■ The task
Only the lines from the start of the data below through the line that contains "We have seen" are to be copied, exactly and without pictures.
----
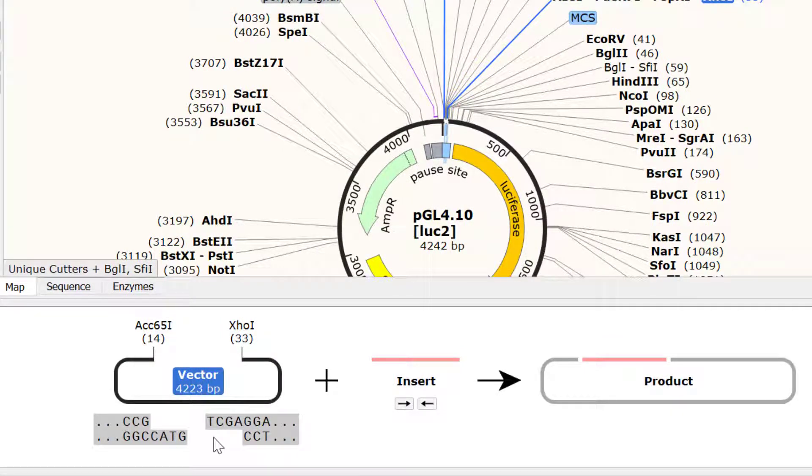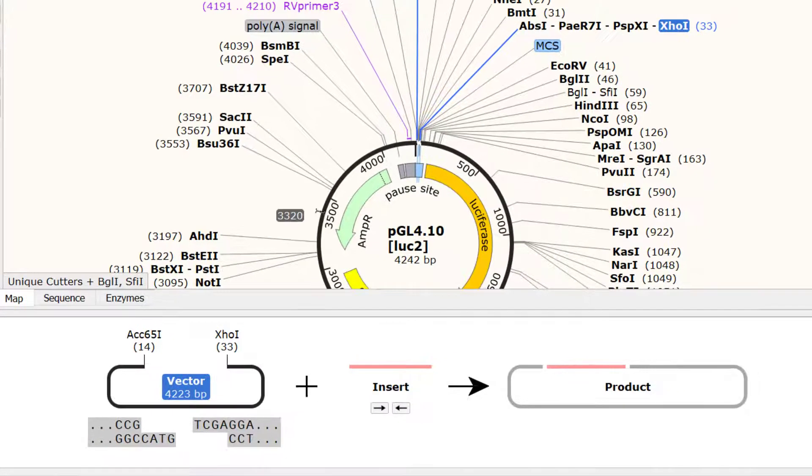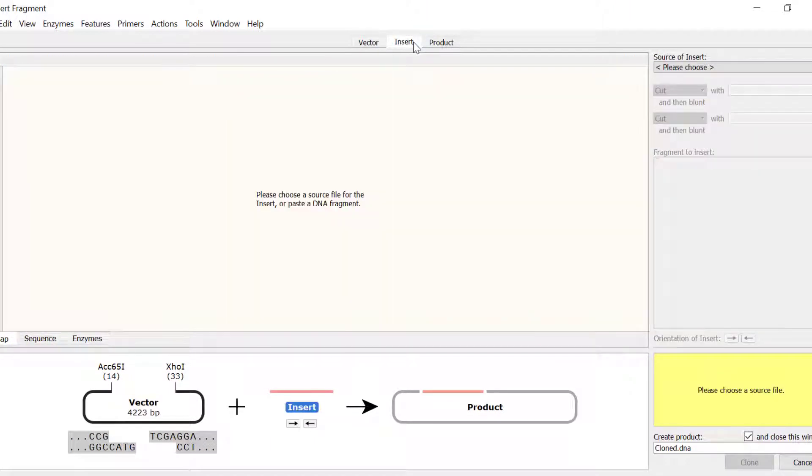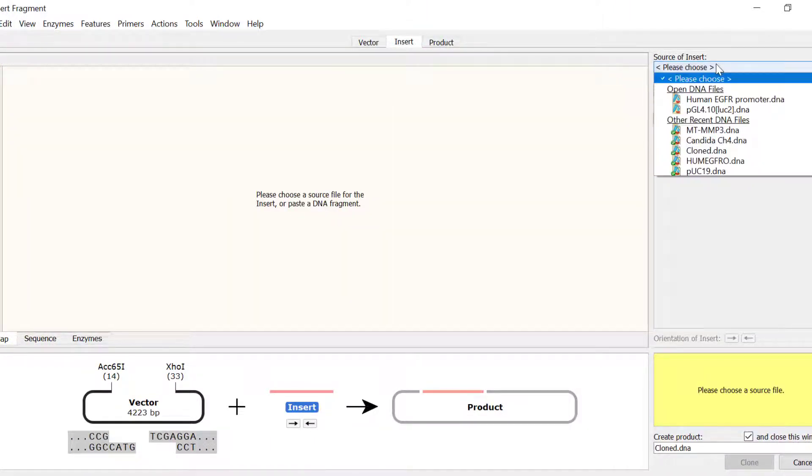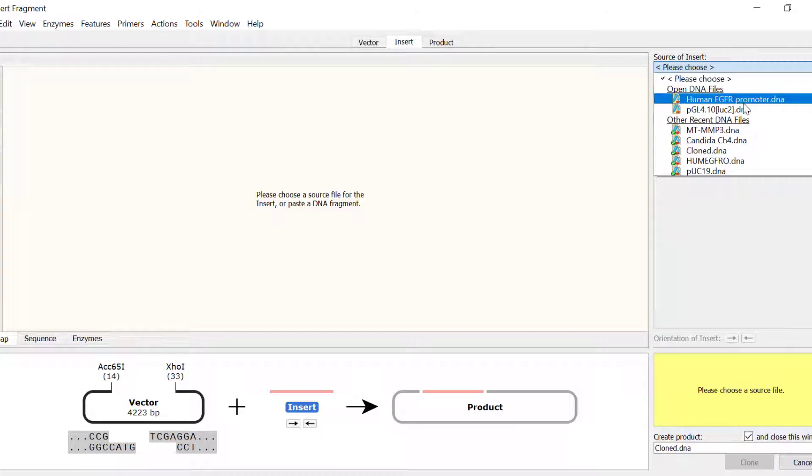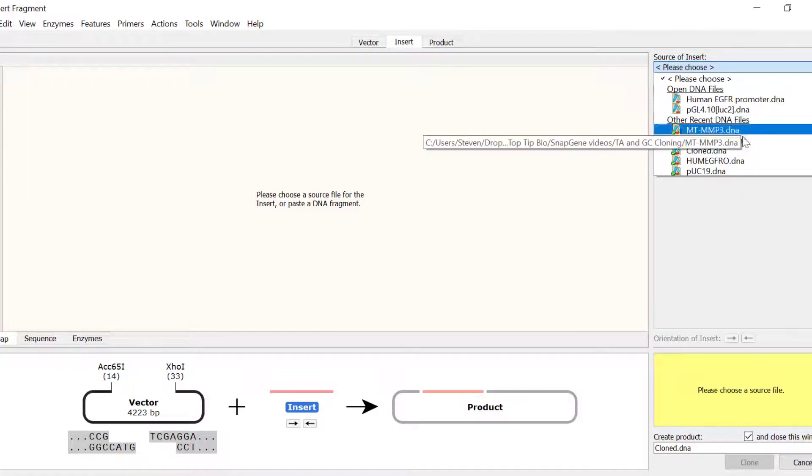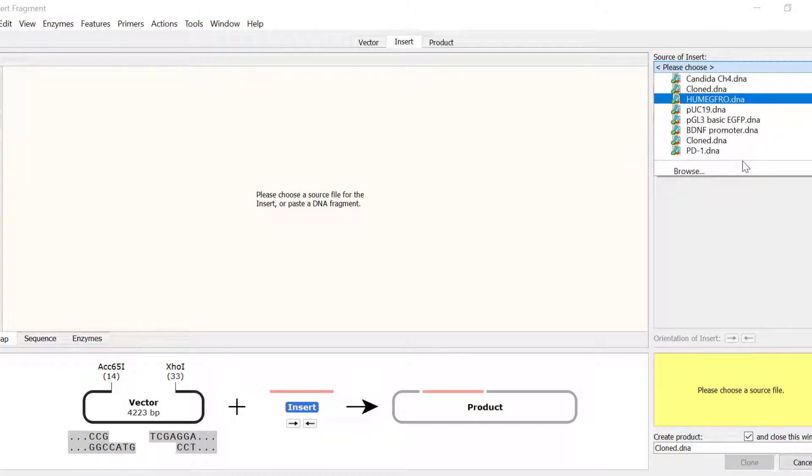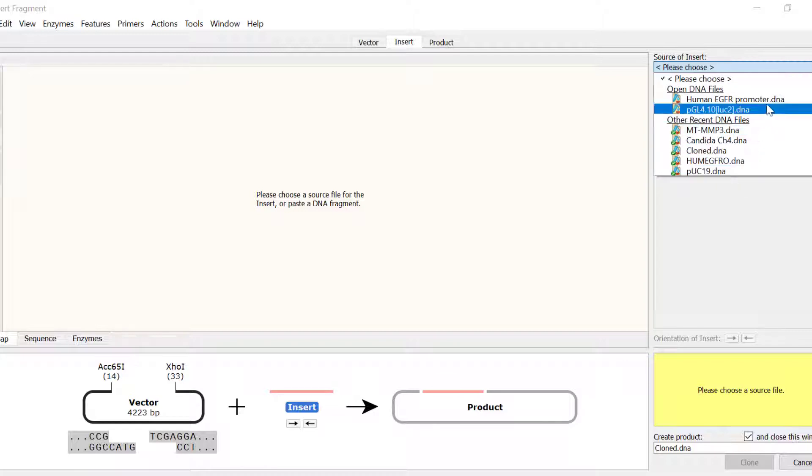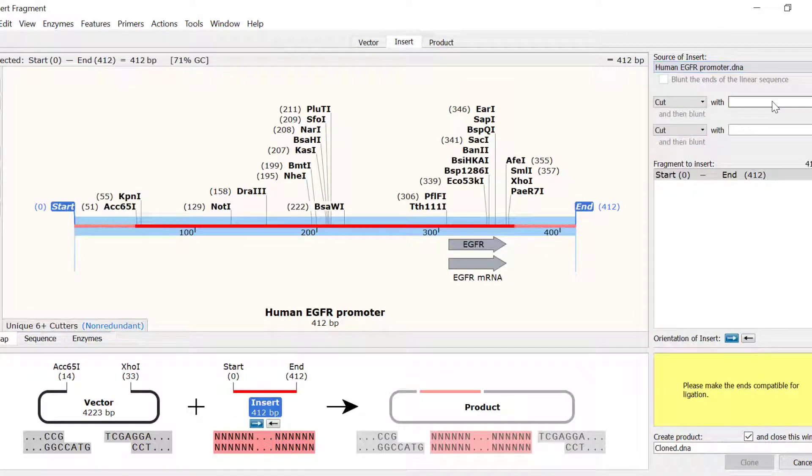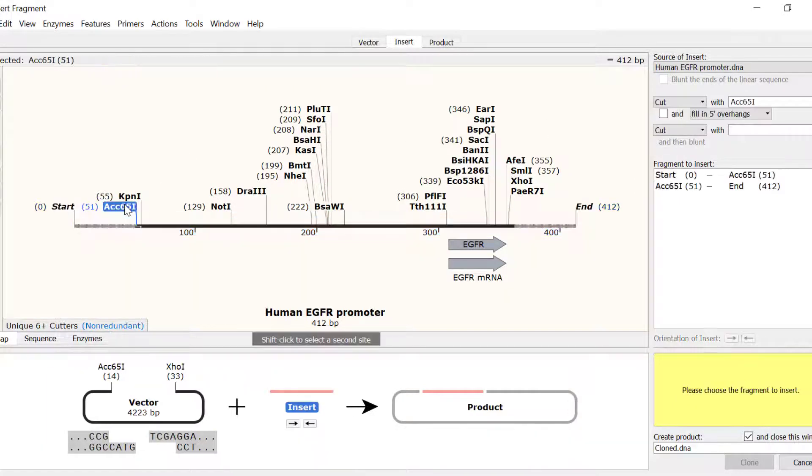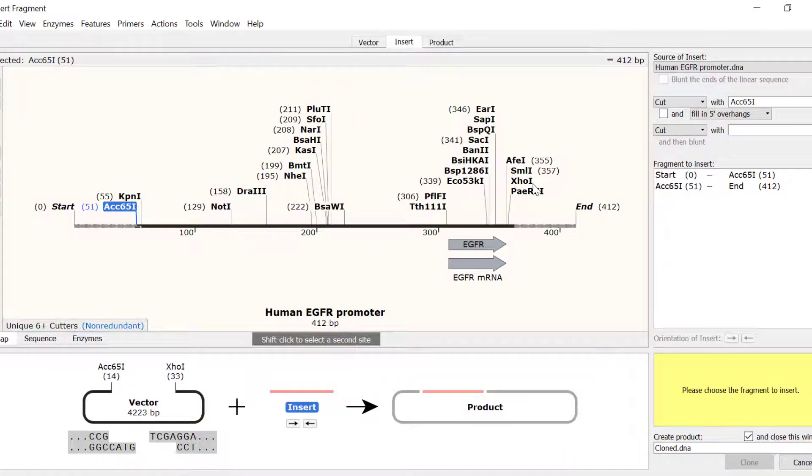Next, we need to select the insert by going to the Insert tab. Select the source of insert by using the drop down menu. Any open DNA files will be listed at the top, followed by recently opened DNA files. You can also browse your computer to select a file not listed here. For this example, I want to use the Human EGFR Promoter file that is open, so I will select this. Then, I will select the ACC651 and XHO1 sites by shift clicking on them as before.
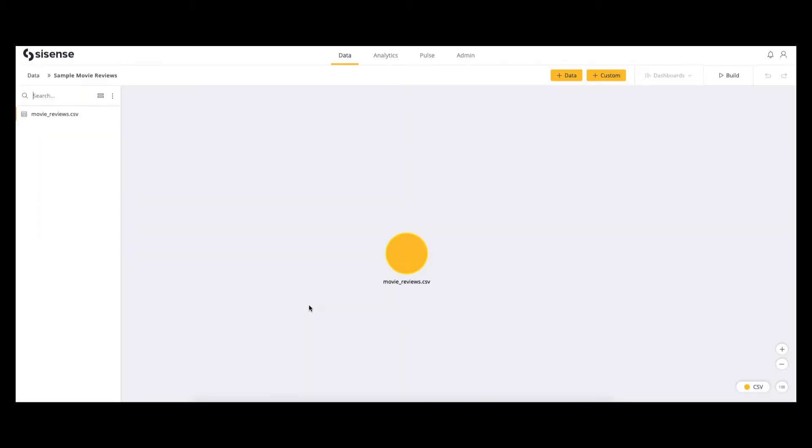From basic data prep, cleansing, or even advanced machine learning, now you can unleash powerful data transformations with new custom code in Sisense using Python.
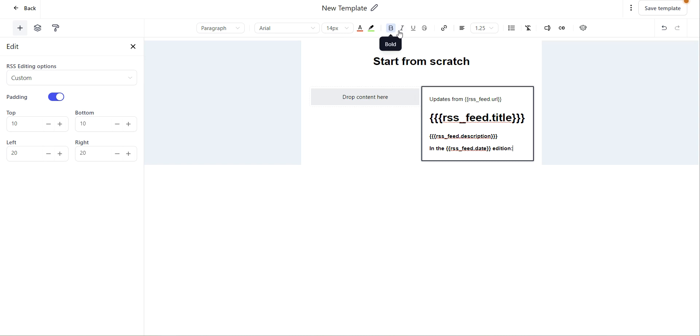If you'd like to bold, italicize, underline, or strike through your text, you have those options here.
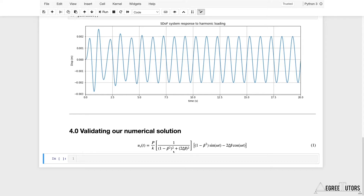This is one part of the full response equation. The full response equation has a transient component as well, but I'm not going to worry about the transient component because I'm just using this as a validation exercise, so I'll just plot the steady-state component here.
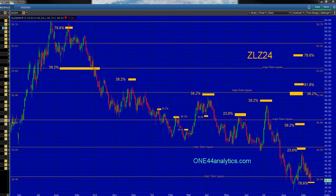Welcome everybody to another 144 analytics educational video, where we try to show you how to use the Fibonacci retracements with the 144 rules and guidelines.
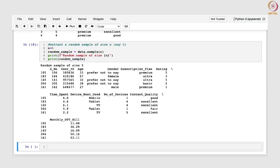We have seen how to take a simple random sample from a population. Another sampling technique that might be helpful in this situation is stratified sampling. If you stratify based on certain variables, it would allow you to capture a wide range of user perspectives and preferences, and based upon that, the OTT platform can enhance their service and attract more subscribers. Let us see how we can do stratified sampling in this data set.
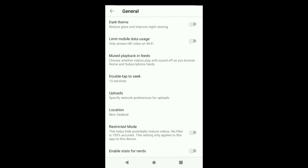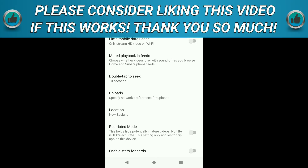Importantly, note that this will only work if the creator did not manually mark their videos as age restricted. If a creator did mark their videos as age restricted, this is not gonna work. But as far as I know, most creators don't mark their videos manually as age restricted, so this will work for most YouTube videos. That's how you remove age restrictions on YouTube on your phone.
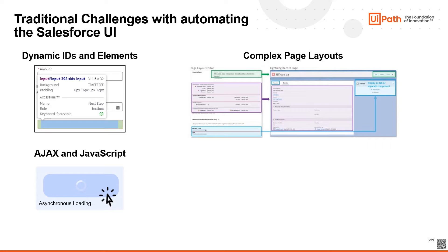Salesforce makes heavy use of Ajax and JavaScript to provide a dynamic user experience. This can lead to elements loading at different times, making it hard to interact with the page unless explicit hard-coded wait times are used.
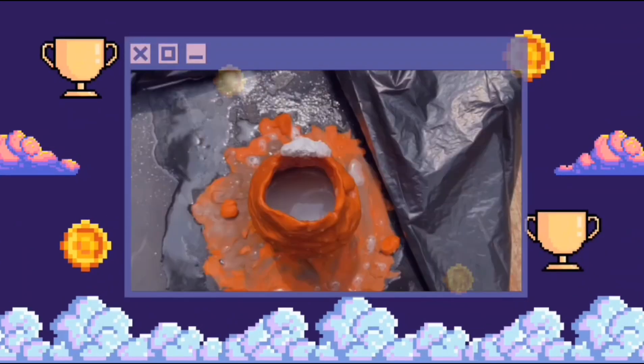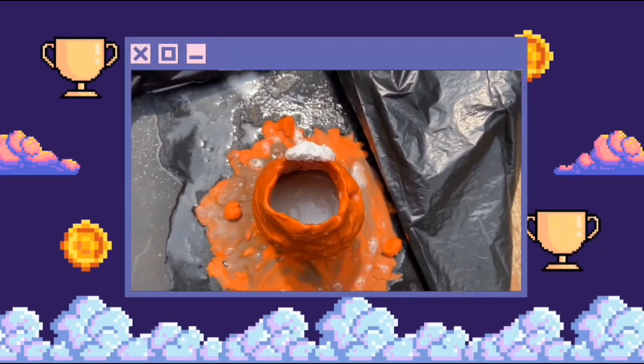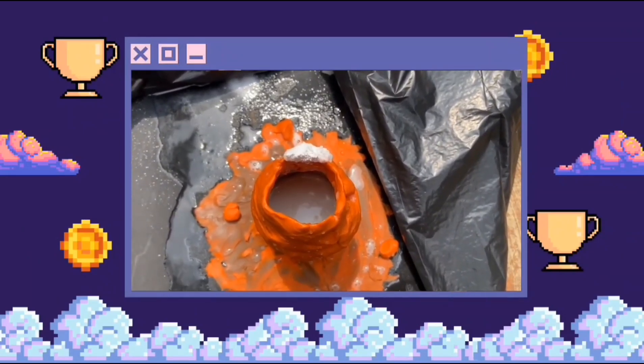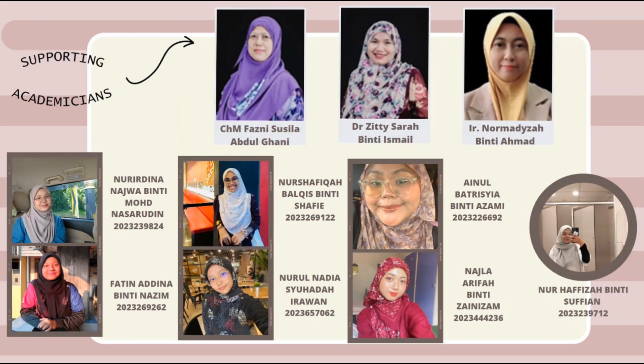The carbon dioxide escapes the solution as bubbles. The bubbles are heavier than air, so the carbon dioxide collects at the surface of the container. That's all from us. Thanks for watching!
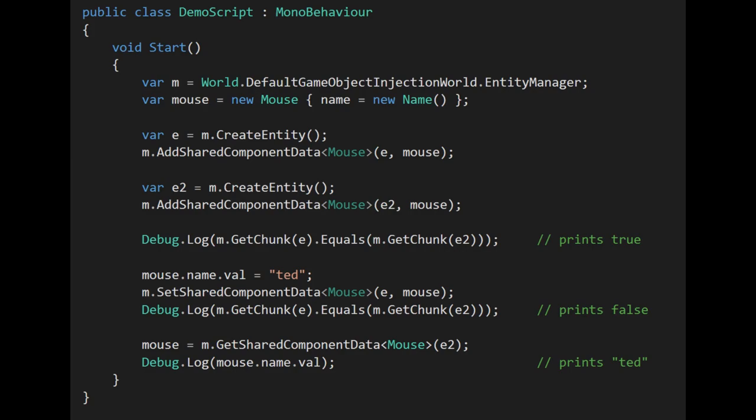Even though both entities actually are storing the same value, when we get the chunks of both entities and test them for equality, we get false — they're not the same chunk. If we call getSharedComponentData on E2, we get back a mouse struct whose name value has the same string Ted. In a sense, we've actually fooled Unity. When you add or set a shared component, only then does it compute the hash code and test it for equality. If the shared component includes mutable managed objects, those can get mutated unbeknownst to the entity manager, and you can end up with strange scenarios like this. You should avoid mutating any managed objects that are part of any existing shared components.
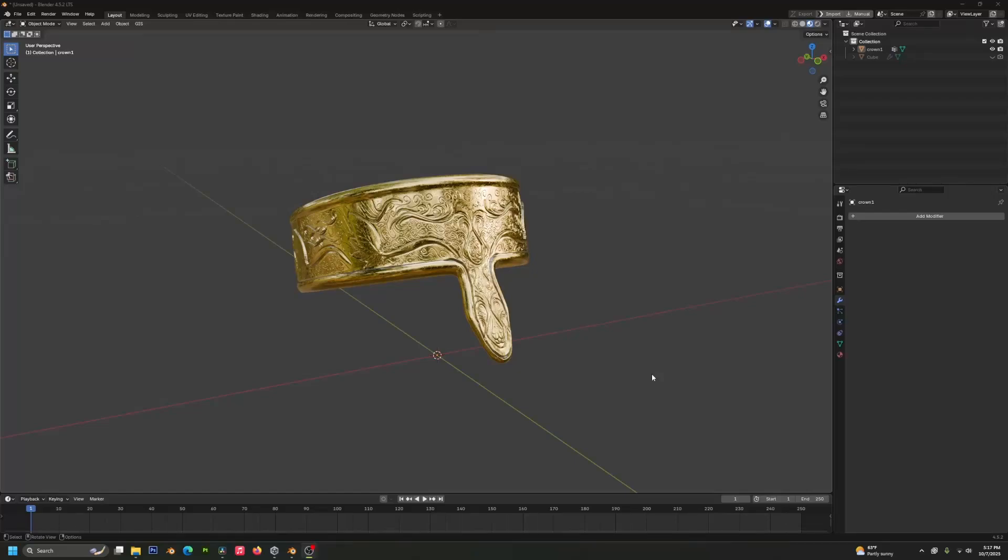Hello! In a previous tutorial, I showed you how to bake a normal map using the multi-resolution workflow. In this video, we'll go over baking a normal map without using the multi-resolution workflow.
----
■ Your response
Next, we need to select the insert by going to the Insert tab. Select the source of insert by using the drop down menu. Any open DNA files will be listed at the top, followed by recently opened DNA files. You can also browse your computer to select a file not listed here. For this example, I want to use the Human EGFR Promoter file that is open, so I will select this. Then, I will select the ACC651 and XHO1 sites by shift clicking on them as before.
From basic data prep, cleansing, or even advanced machine learning, now you can unleash powerful data transformations with new custom code in Sisense using Python.
If you'd like to bold, italicize, underline, or strike through your text, you have those options here.
This is one part of the full response equation. The full response equation has a transient component as well, but I'm not going to worry about the transient component because I'm just using this as a validation exercise, so I'll just plot the steady-state component here.
Welcome everybody to another 144 analytics educational video, where we try to show you how to use the Fibonacci retracements with the 144 rules and guidelines.
We have seen how to take a simple random sample from a population. Another sampling technique that might be helpful in this situation is stratified sampling. If you stratify based on certain variables, it would allow you to capture a wide range of user perspectives and preferences, and based upon that, the OTT platform can enhance their service and attract more subscribers. Let us see how we can do stratified sampling in this data set.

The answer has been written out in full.